I set it up, imported my contacts, assigned ringtones to them, started building up a library of music and movies. Making it my own.

When I returned to Australia, I bought something, I dunno, an ice cream, a drink, a packet of chips, that had a voucher for a free ringtone. Great, I thought, I can assign a cool ringtone to one of my contacts, rather than the standard ones supplied with the iPhone.

So I went to the website, entered my code number, my phone number, a few details, clicked ok on the terms and conditions, and hit the "Download Free Ringtone" button. I got an error message, and figured that the ringtone didn't work with the iPhone or there was some other problem. Oh well, didn't cost me nothing. And I forgot about it.

The iPhone was on my regular Telstra plan, which hadn't included internet access. Telstra didn't sell the iPhone at that stage, so they didn't have the plans in place to support all the features of the iPhone, the Google maps, the email etc. Not without charging extra for data.

However, once the international calls from Feb-April had been charged, it worked out that I was still using data and being charged for it.
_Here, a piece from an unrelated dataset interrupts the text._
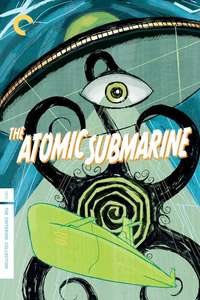 The Atomic Submarine - Poster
Just using the weather app would download a block of data. I'd drive around the city and the iPhone would chatter into electronic life, causimg a burst of interference on the radio and costing me another dollar or so.

Over the coming months, I tightened everything down as far as it would go, short of actually turning off the phone functions, but still I was being charged an alarming amount for data.

When the iPhone 3G was released last winter, I wondered about upgrading. But the frenzy was such that there were long delays for handsets, and prices were high. And still I was paying about a hundred dollars a month. For an iPhone I couldn't upgrade because that would break the software hack.

Eventually I cracked. My codriver bought a 3G iPhone and filled it up with all these cool apps. Things my phone couldn't do.

I went into Telstra and got a new iPhone. On a forty dollar plan, with 150 Megs each month.

But still my phone bills were twice what they should have been.

I took a look at the latest one yesterday. The phone plan and the data looked about right, but there were eight items listed at five dollars a shot:
MBLOX MTDADA. What the heck was this? I'd figured that these charges were for data blocks, but when I went googling for information, i found a different story.

Turns out that they were premium rate SMS messages I'd been supposedly receiving. Messages with no content, so they never showed up on my phone. It was all linked to that "free ringtone" offer of many months ago. When I clicked the terms and conditions box, it was for continued access to some website, and I was to pay for the subscription through premium SMS charges.

Very clever. I never entered my credit card number, so I didn't think I was going to have to pay for the ringtone, even if it didn't work.

Even if I never accessed the subscription site, I was still being charged for it. With no chance of a refund.

The site had been fined for not supplying details of how to unsubscribe, and even when i finally worked out what was going on, I still had to jump through hoops to get out of it. The method that finally worked was to text "STOP" to the SMS number. And I suspect that I'm still going to be charged the next week's subscription while they process my request.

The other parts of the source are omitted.